Literary: Empress of Fashion

Image“The High Druidess of fashion, the Supreme Pontiff, Perpetual Curate, and Archpresbyter of elegance, the Vicaress of Style”

That is how you describe Diana Vreeland. Truly at 20th Century woman, Diana Vreeland led a fascinating career as society royalty, fashion editor at Harper’s Bazaar, editor of Vogue, and leader of the Met’s revival of its Costume Institute in the late 1970s. She walked the curious line of modern working woman versus refined and fashionable American aristocrat. Mrs. Vreeland defined American style and chic during the country’s most volatile periods carving a niche for herself that allowed her to be the “Everywoman” of fashion while maintaining her eccentricities.

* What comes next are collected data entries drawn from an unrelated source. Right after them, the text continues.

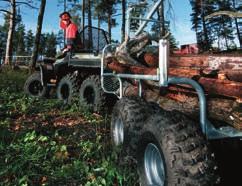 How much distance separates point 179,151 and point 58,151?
2.72m

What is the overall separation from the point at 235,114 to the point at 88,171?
213 cm

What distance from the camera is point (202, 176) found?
3621 millimetres

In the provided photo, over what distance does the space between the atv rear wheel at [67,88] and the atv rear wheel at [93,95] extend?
57 centimetres

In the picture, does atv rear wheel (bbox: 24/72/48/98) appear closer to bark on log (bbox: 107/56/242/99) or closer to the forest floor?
the forest floor

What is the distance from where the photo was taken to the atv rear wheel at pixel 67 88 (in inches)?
428

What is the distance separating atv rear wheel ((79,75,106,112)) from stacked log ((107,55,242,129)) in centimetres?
341

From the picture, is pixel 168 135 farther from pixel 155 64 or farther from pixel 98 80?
pixel 98 80

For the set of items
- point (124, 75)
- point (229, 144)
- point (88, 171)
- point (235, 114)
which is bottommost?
point (88, 171)

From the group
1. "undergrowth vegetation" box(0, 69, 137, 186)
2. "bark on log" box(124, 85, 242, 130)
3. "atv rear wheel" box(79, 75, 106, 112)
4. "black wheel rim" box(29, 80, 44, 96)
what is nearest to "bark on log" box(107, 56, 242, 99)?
"bark on log" box(124, 85, 242, 130)

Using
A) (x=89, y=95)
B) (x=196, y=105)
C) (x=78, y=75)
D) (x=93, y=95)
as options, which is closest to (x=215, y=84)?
(x=196, y=105)

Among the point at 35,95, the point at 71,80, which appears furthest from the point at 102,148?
the point at 35,95

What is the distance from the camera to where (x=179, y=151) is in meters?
3.76

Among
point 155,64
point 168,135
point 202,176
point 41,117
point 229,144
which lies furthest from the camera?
point 41,117

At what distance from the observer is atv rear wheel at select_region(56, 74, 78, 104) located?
1088 centimetres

Mrs. Vreeland had a selective memory and a habit of modifying her personal history. During her life time she claimed to have been raised in France until the age of 9, and when she was forced to move to New York with her family she could only speak French and refused to learn English as her own childish protest to the change of scenery. Her ahistoricism is revealed, for better or worse, in the biography Empress of Fashion by Amanda Mackenzie Stuart. It turns out that while Diana may have been born in Paris, she grew up in New York from the age of 3 and was fully capable of speaking and understanding English. Stuart spends a good portion of the biography debunking many of Mrs. Vreeland’s fantastical fabrications about her life, but it almost seems a shame since her active imagination was one of her most defining qualities.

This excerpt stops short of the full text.